No final de 2009, uma denúncia anônima ao governo revelou que a compra dos 705 equipamentos foi realizada com pregões viciados da Secretaria de Administração (SAD). A Procuradoria Geral do Estado recebeu ordem de Blairo para apurar o caso. O Ministério Público Estadual e a Procuradoria Geral da República também entraram em cena.
Sem muita dificuldade e contando com deleção premiada do empresário Pérsio Briante – dono da empresa Extra, que vendeu um lote de caminhões Ford ao programa – chegou-se à conclusão que a transação teria sido ilícita e que apresentava superfaturamento superior a R$ 44 milhões. Pedro Taques, então procurador da República, satirizou o episódio apelidando-o de “MT 100% equipado e 44 milhões roubados”

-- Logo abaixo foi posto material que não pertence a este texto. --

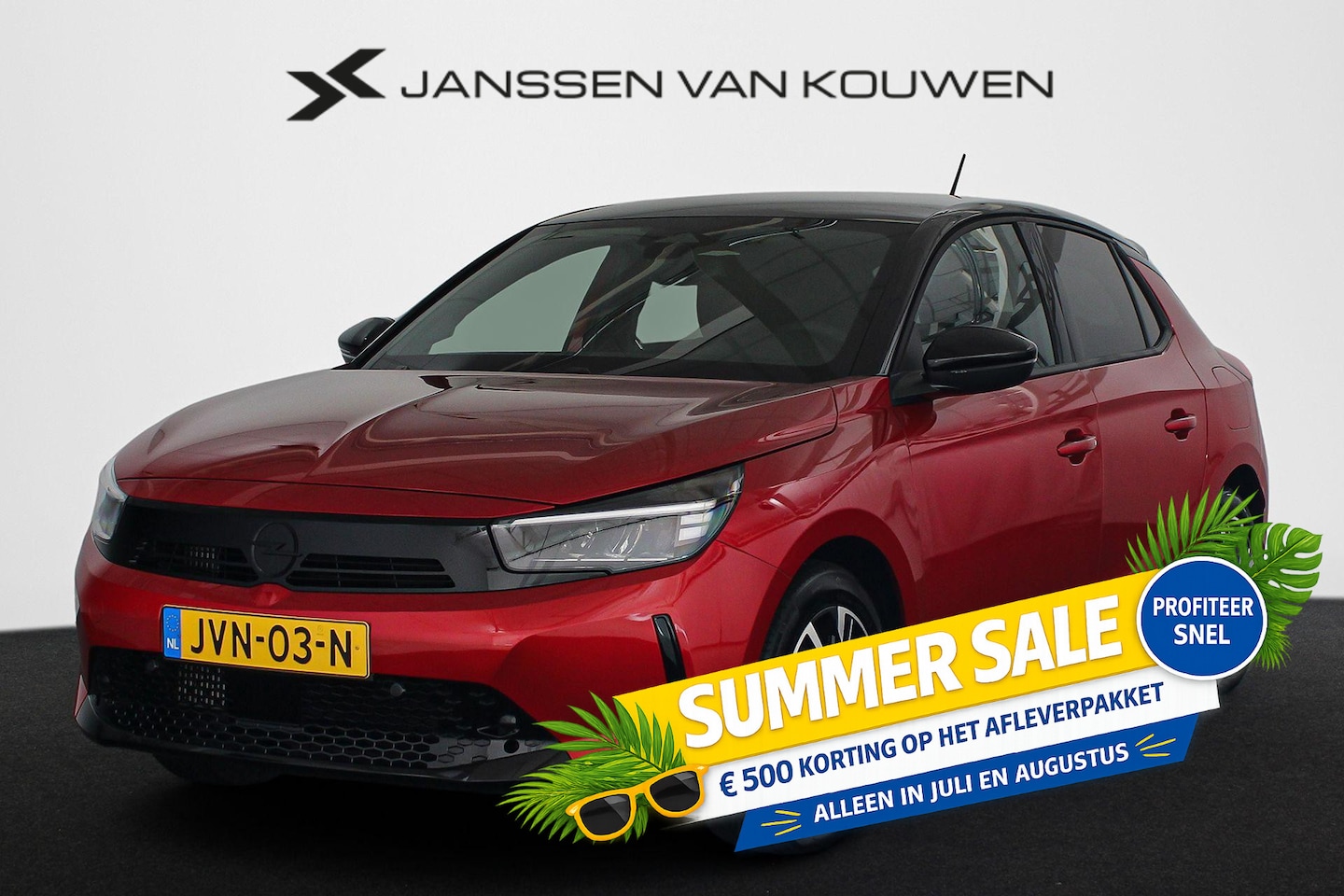 Opel Corsa - 1.2 Turbo Hybrid Yes Automaat Stuur-Stoelverwarming Apple CarPlay LED Koplampen - AutoWereld.nl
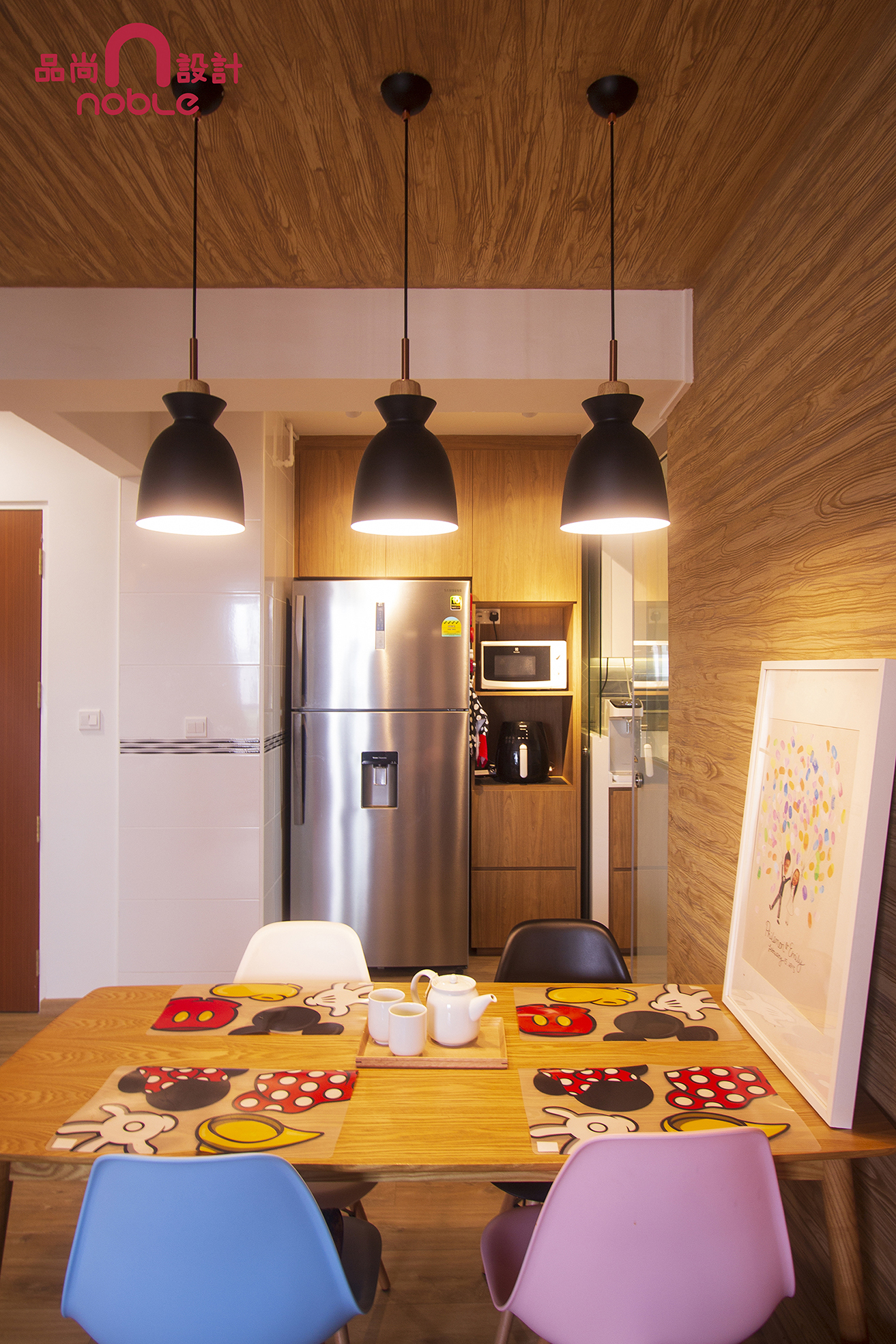 Scandinavian Design - Dining Room - HDB 5 Room - Design by Noble Interior Design Pte Ltd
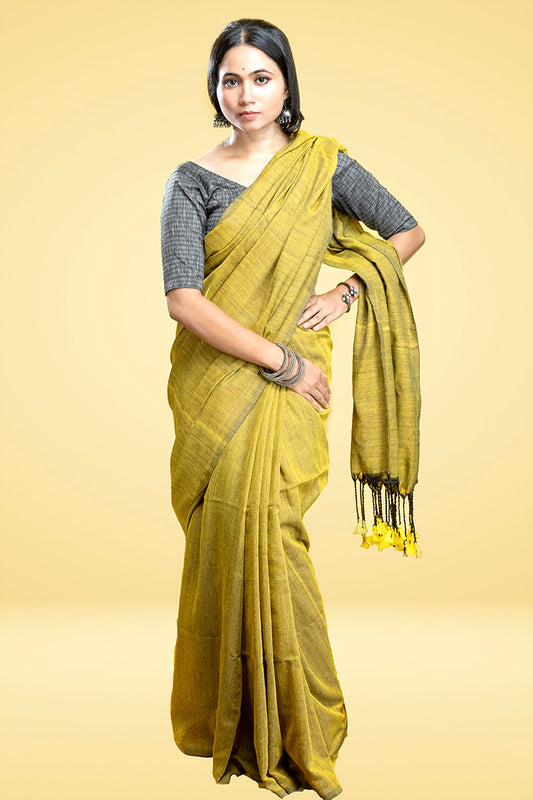 Peele Dhoop Ki Awaaz - Cotton Than Saree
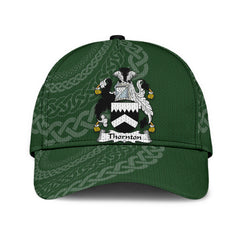 Clan Thornton Coat Of Arms - Irish Family Crest St Patrick's Day Classic CapWO94 Classic Cap - Thornton Coat Of Arms St Patrick's Day Classic Cap Irish Cap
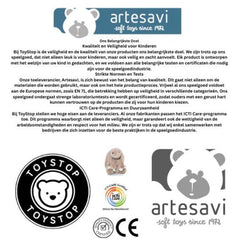 Artesavi - Soft-DouDou-Rabbit-25x25-cm-Baby-Activity-Toys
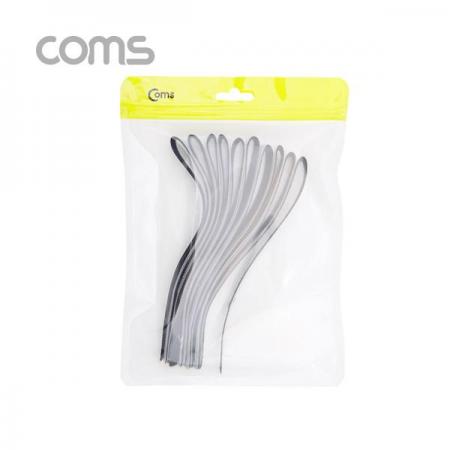 디바이스마트,케이블/전선 > 케이블악세사리/툴 > 케이블타이/레이싱,Coms,벨크로 타이 10pcs (대) / Gray / 케이블타이 / 315mm [ID825],Coms 벨크로 타이 10pcs (대) / Gray / 케이블타이 / 315mm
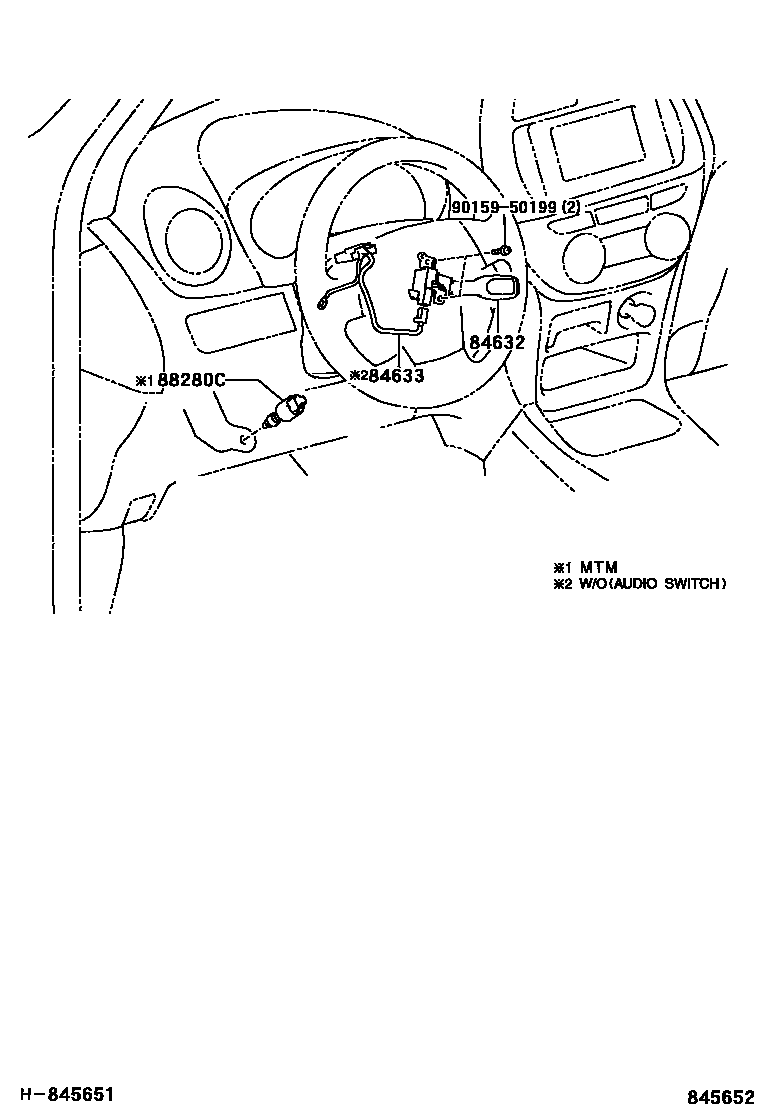 Toyota RAV4 巡航控制(自动行驶) EPC diagram — 845652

A Delegacia Fazendária instaurou inquérito para apurar o rombo. Paralelamente a Procuradoria Geral da República também o esmiuçou e o juiz federal Julier Sebastião da Silva mandou recolher todos os equipamentos para perícia que permitisse apurar se os itens estipulados nos pregões foram observados, mas o caso acabou entrando num vaivém judicial sem fim, que praticamente o botou na galeria do esquecimento.
O fogaréu do caso nos primeiros dias levou uma ducha. O escândalo foi varrido para debaixo do tapete para sua volatilização. Paralelamente a isso a Secretaria de Comunicação arreganhou seus cofres para a imprensa amiga. Pautas não faltavam e, muitas delas, inclusive mostrando comboios de máquinas do programa chegando aos seus destinos e, recebidos com foguetórios e inflamados discursos.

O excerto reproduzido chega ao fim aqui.